Microbiota-gut-brain axis

The gut-brain axis is a bidirectional communication system between the gut and the brain integrated via neural, hormonal, and immunological signalling. Growing evidence suggests that the gut microbiota plays a key role in the communication between the gastrointestinal tract and the central nervous system, with most data being obtained from animal studies [8]. Germ-free mice have abnormal behavior, associated with changes in expression of multiple genes and chemistry in the brain, altered blood-brain barrier, changes in morphology of brain regions involved in control of mood and anxiety (amygdala and hippocampus), altered myelination profile and plasticity, as well as global defects in brain microglia. Most of these abnormalities are normalized after bacterial colonization. Microbiota also modifies behavior in conventional mice, as administration of non-absorbable antimicrobials can increase their exploratory behavior, together with changes in Brain- Derived Neurotrophic Factor (BDNF) in the hippocampus and amygdala. Changes in behavior induced by antibiotics have been also described in patients treated for acute infections or during eradication of chronic Helicobacter pylori infection; this condition was coined “antibiotic-induced psychosis”. Interestingly, a recent large population- based study found that use of antibiotics in early childhood was associated with an increased risk of developing mental health disorders in later life.

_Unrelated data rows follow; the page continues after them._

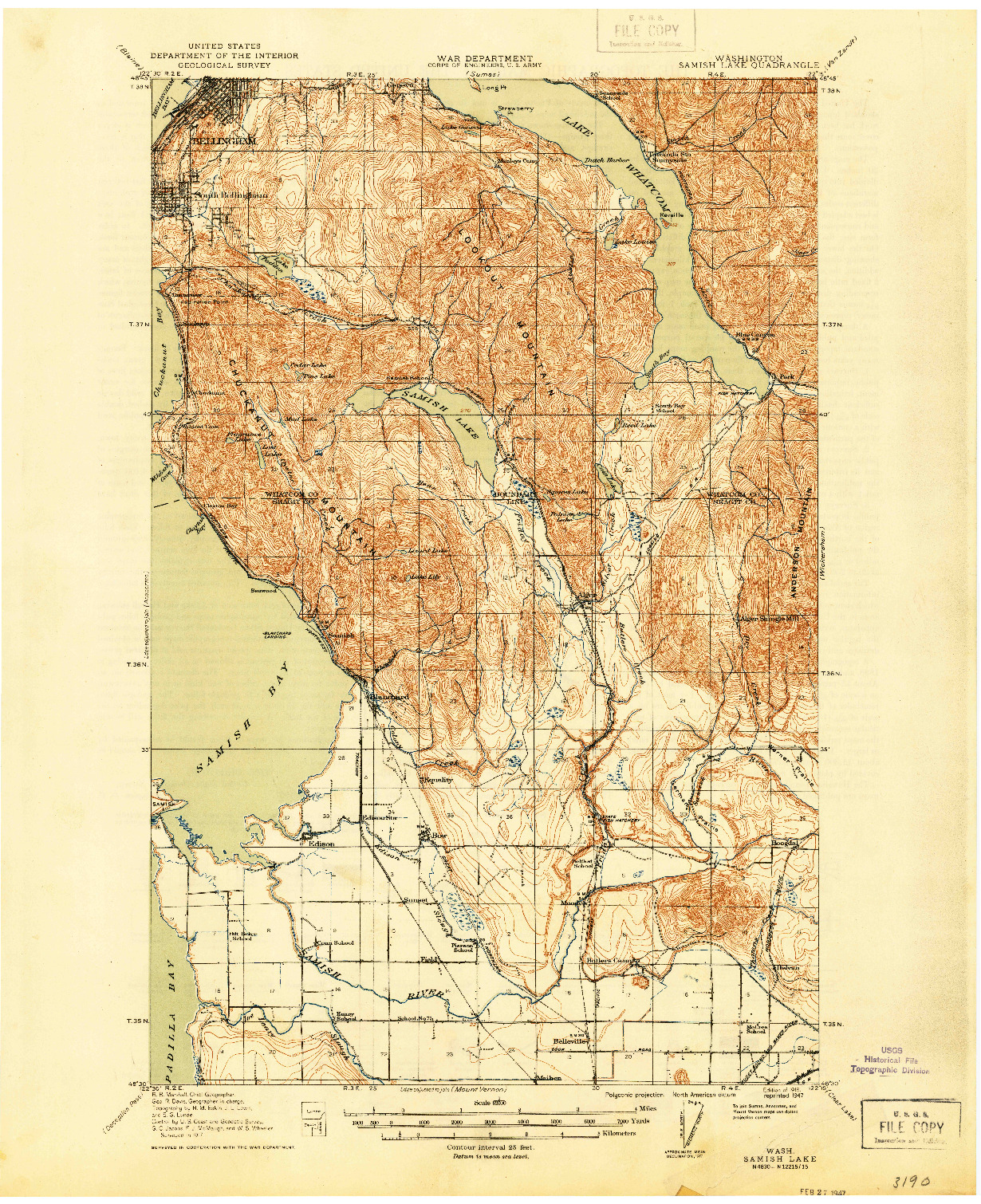 USGS 1:62500-SCALE QUADRANGLE FOR SAMISH LAKE, WA 1918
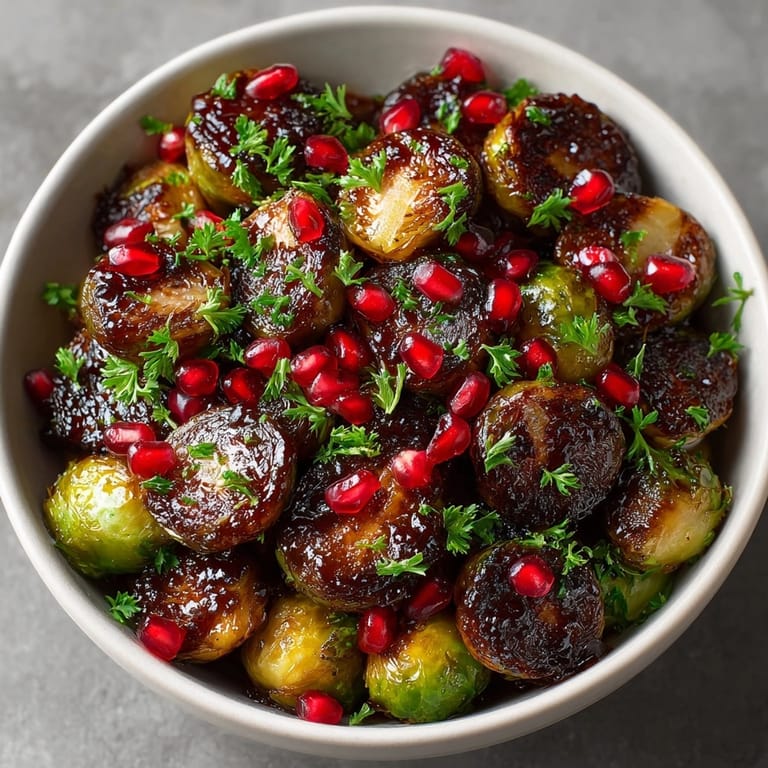 Plate of caramelized Pomegranate Glazed Brussels Sprouts, steam rising, finished with jewel-like pomegranate seeds.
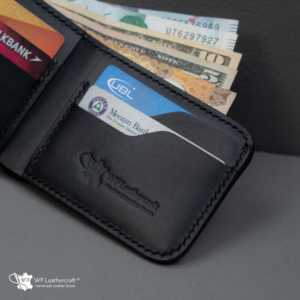 กระเป๋าสตางค์หนังแท้แบบพับได้ รุ่นคลาสสิค หมายเลข 55 ทำมือ พร้อมช่องใส่เงินสดสองช่อง ปิดแบบเปิด ป้องกันการโจรกรรม สีดำ - Product Image 4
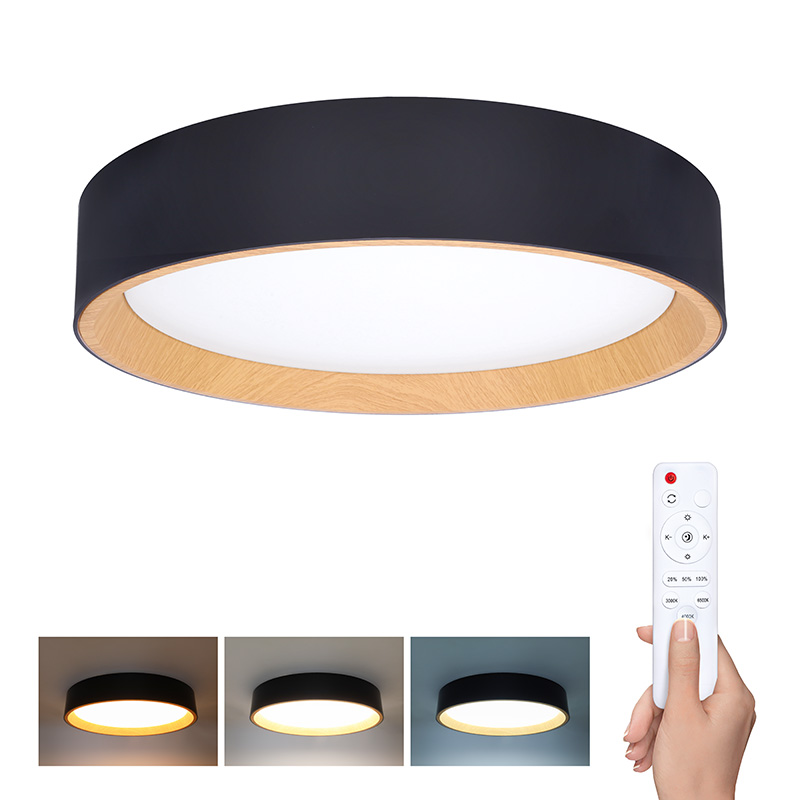 Solight LED osvětlení s dálkovým ovladačem Larios Black, 48W, 3360lm, 39cm, změna chromatičnosti, stmívatelné0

However, the most obvious case for the microbiota-gut-brain axis comes from patients with cirrhosis-associated hepatic encephalopathy that manifest with changes in behavior, mood and cognition [9]. These patients show dramatic improvement in brain function after administration of antibiotics or laxatives, and recent studies suggested that similar amelioration can be also achieved by fecal microbiota transplantation.

During recent years, multiple studies investigated gut microbiome in patients with psychiatric disorders, such as major depression and generalized anxiety, and found that the microbial profiles differed between patients and healthy controls. Furthermore, transferring microbiota from patients into germ-free or antibiotic treated rodents induced anxiety and depressive-like behanormalities viors. This raises question whether those probiotics, which showed beneficial effects on behavior and brain chemistry in animal models, could be used to treat patients with psychiatric diseases. The results of the few studies completed so far suggest that probiotics, if used as an adjunctive treatment, might improve symptoms in some patients with major depressive disorder [10].

We conducted a pilot RCT study in patients with IBS and comorbid depression to assess effects of a probiotic that showed beneficial effects on behavior and brain chemistry in several mouse models [11]. We found that compared to placebo, a 6-week probiotic treatment improved depression scores and overall symptoms of IBS. This was associated with changes in neuronal activation in the amygdala and other brain regions involved in mood control, as assessed by functional magnetic resonance imaging. This suggest that some probiotics may produce neuroactive metabolites that could be harnessed not only for treatment of patients with functional bowel disorders, but also for those with mental health issues. However, more rigorous clinical studies are needed to confirm and validate these findings.